Olivier Megaton –un apellido que en español está al servicio del chiste fácil− vuelve a ponerse detrás de las cámaras, aumentando un poco el nivel con respecto a la segunda lamentable entrega, aunque sin poner demasiada emoción en la operación, dejándolo todo a la segunda unidad, mientras su puesta en escena deriva peligrosamente hacia el telefilm, y la trama se sintetiza en una sola línea argumental, para no complicarse demasiado, y pecar un poco de falta de acción. Al menos seguimos disfrutando con lo vehemente del personaje central.

Taken3f2

Esta vez Mills, encarnado con convicción por Neeson, que parece regresar a los inicios de su carrera cuando estaba metido en productos como ‘Sospechoso’ (‘Suspect’, Peter Yates, 1987), ‘La lista negra’ (‘The Dead Pool’, Buddy Van Horn, 1988), ‘Con su propia ley’ (‘Next of Kin’, John Irvin, 1989) o ‘Darkman’ (id, Sam Raimi, 1990), ha de enfrentarse al asesinato de su exmujer (Famke Janssen), crimen del que parecerá culpable ante la ley, esta vez con la cara del gran Forest Whitaker, en uno de esos personajes de piloto automático con el que cobrar e irse a casa.

Cero emoción

Dougray Scott sustituye a Xander Berkeley en un personaje con mayor protagonismo que en la primera entrega, la nueva pareja de la exmujer de Mills, y que no sorprende ni lo más mínimo de cara a cualquier cinéfilo mínimamente despierto y conocedor de los personajes de Scott. Así pues, poca emoción, menos acción de la esperada, y mucha palabrería en un film que al menos sigue haciendo gala de lo mejor que se le puede pedir a este tipo de productos: ir directamente al grano. Además tenemos al propio Neeson interpretando las secuencias de acción.

Taken3f3

Maggie Grace sigue luciendo su palmito como hija de nuestro héroe, del suyo, de toda persona corriente. Esta vez con la promesa de una nueva vida, convirtiendo a Mills en abuelo, sugiriendo con ello quizá el final de las aventuras del exagente del gobierno con el que sería mejor no meterse ni un poco. En cualquier caso, ahora Neeson declara que no le importaría interpretar una cuarta entrega. Las cifras hablarán tarde o temprano, y cómo no, será decisión de Luc Besson, quien cada vez se molesta menos en escribir guiones decentes. Si la fórmula funciona, ¿para qué?

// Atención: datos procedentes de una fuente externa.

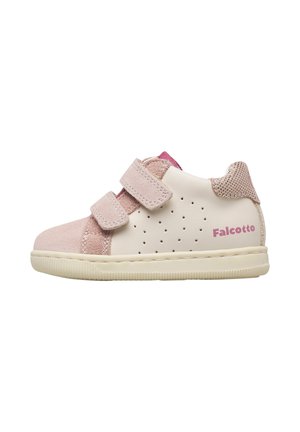 Beige en roze kindersneaker met twee klittenbandsluitingen, geperforeerde zijkant, gevoerde hak en merknaam "Falcotto" in het roze aan de zijkant.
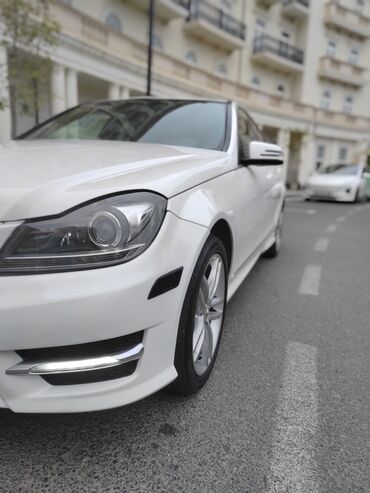 Mercedes-Benz: Mercedes‑Benz C‑Class sedan - Kuzov: Ağ rəng, 4 qapı, sedan - — 9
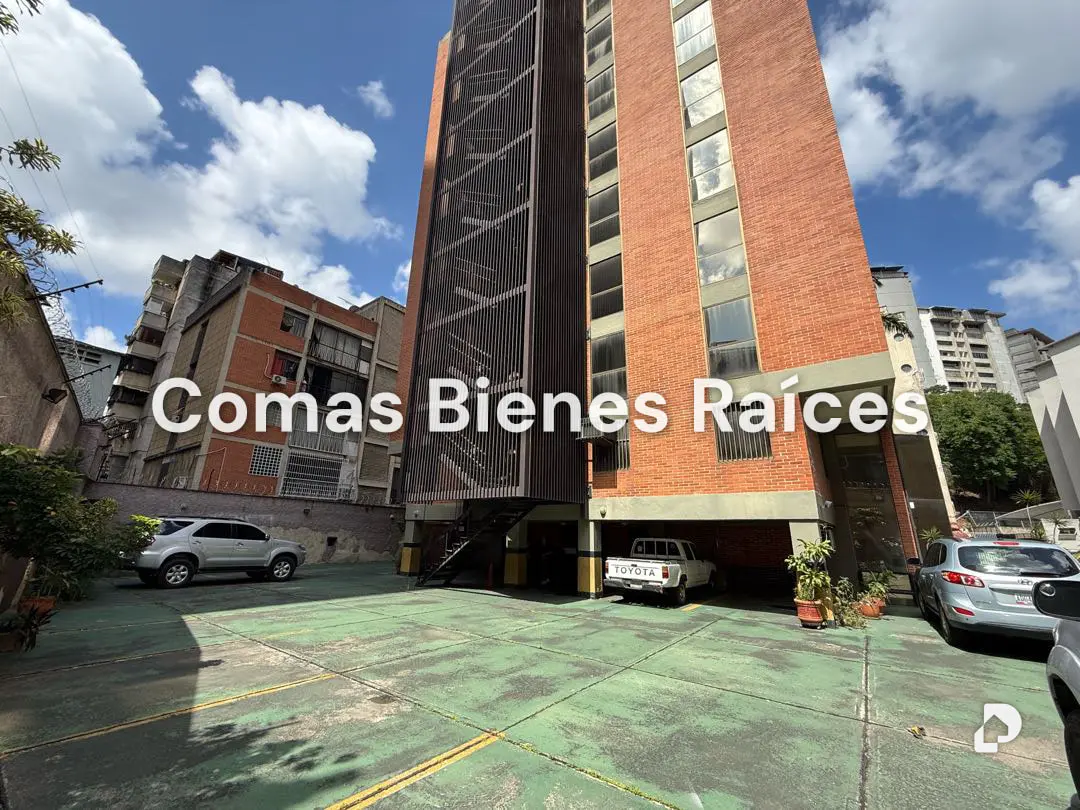 Building in Bello Monte, Caracas – 11
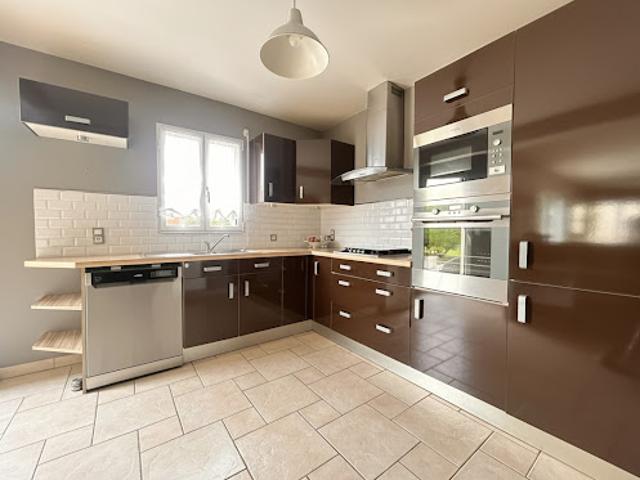 Vente Villa 5 pièces 124.5 m2 Saint Père Marc en Poulet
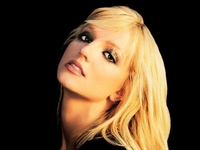 В красных стрингах: Бритни Спирс ошеломила снимками топлес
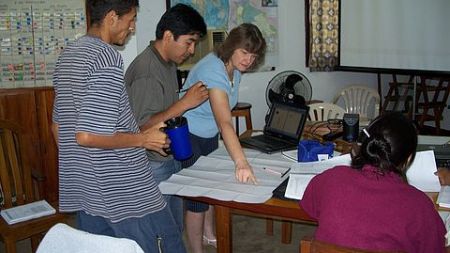 Equipping missionary candidates in Bolivia to serve in literacy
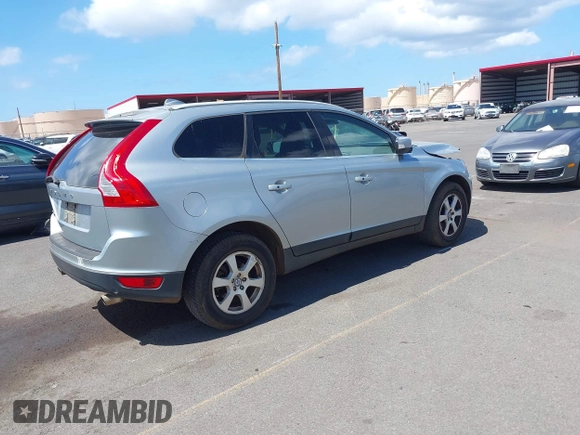 2012 Volvo XC60 3.2L z VIN YV4952DL7C2311729, wystawiony jako IAAI lot #42184732 z przebiegiem 143 680 mil mil oraz . Historia ofert i sprzedaży dostępna na DreamBid. Obrazek 4.
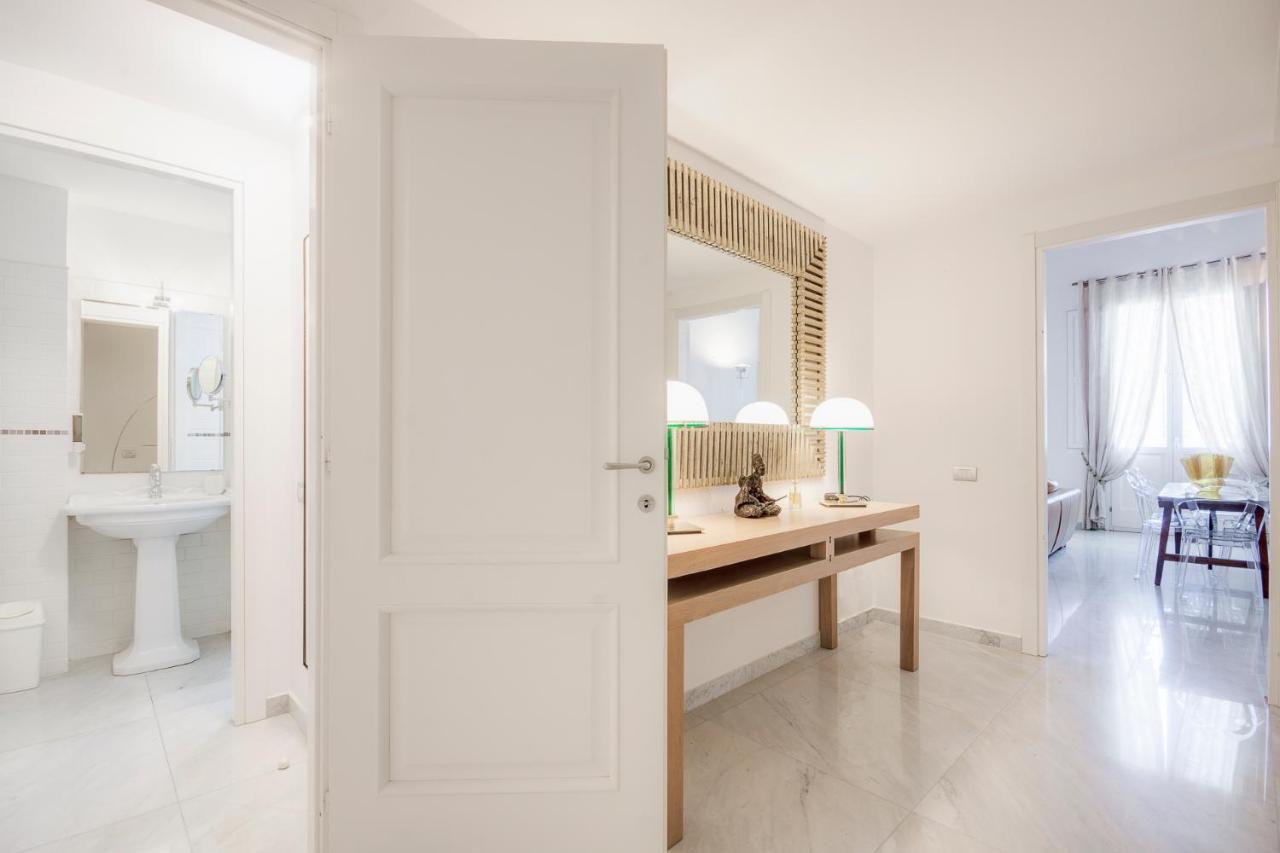 Right House - Characteristic Marina District Apartment Cagliari Bagian luar foto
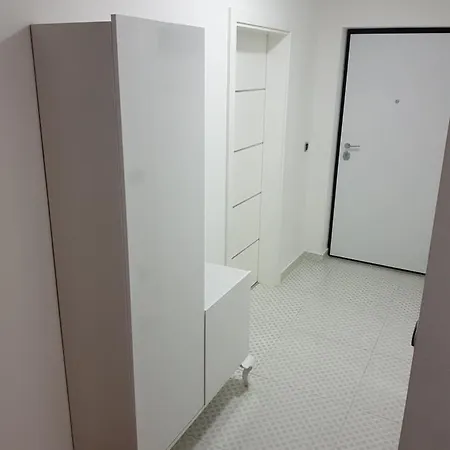 Apartman - Bulevar شقة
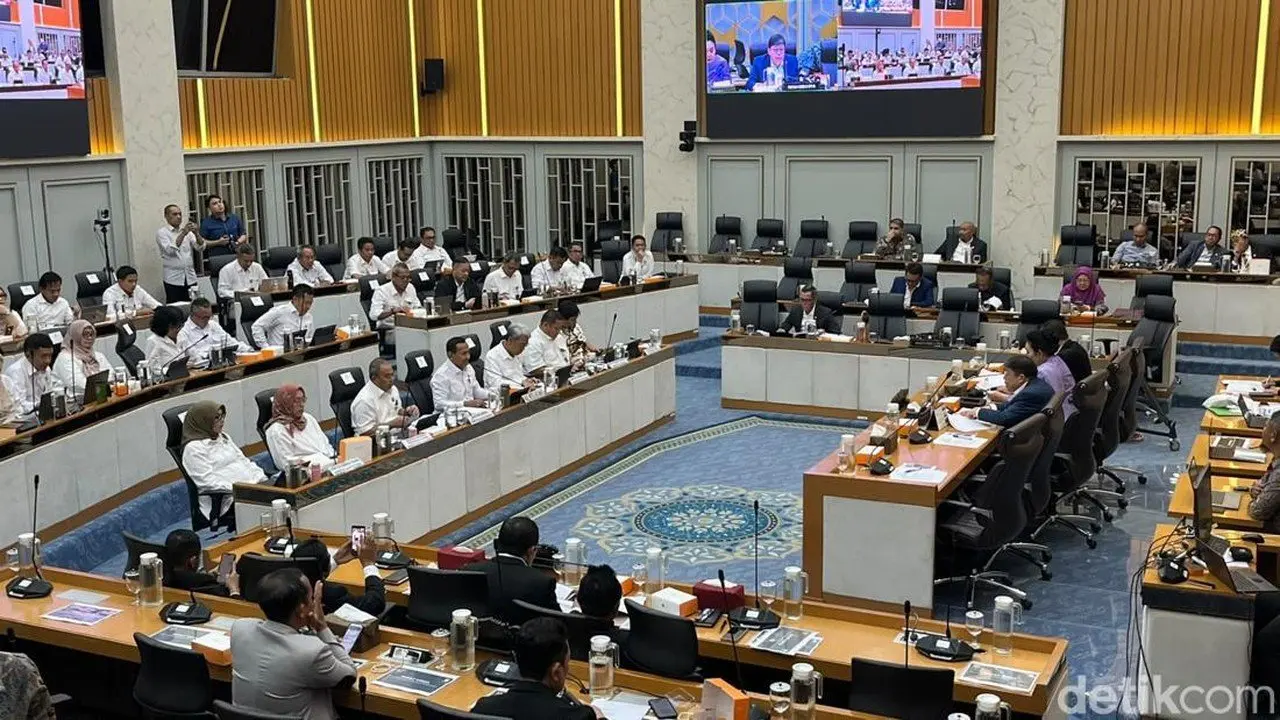 Menhut Izin Umrah, Wamenhut Paparkan Siaga Karhutla dan Kasus Tapir di Rapat Komisi IV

‘V3nganza’ no funciona por mucho que tenga a Neeson y Whitaker como reclamos del público, entre otras cosas porque le falta emoción por suprimir el suspense. Inexplicablemente los personajes deciden comunicar a los demás, y con ello al espectador, qué es lo que harán a continuación, anulando toda posible sorpresa argumental. Lo previsible nunca debería ser un fallo a considerar, salvo cuando es algo tan descarado que además deriva en aburrimiento por una sensación déjà vu más intensa que en otras ocasiones. Me juego algo a que si hay cuarta entrega le secuestran al nieto.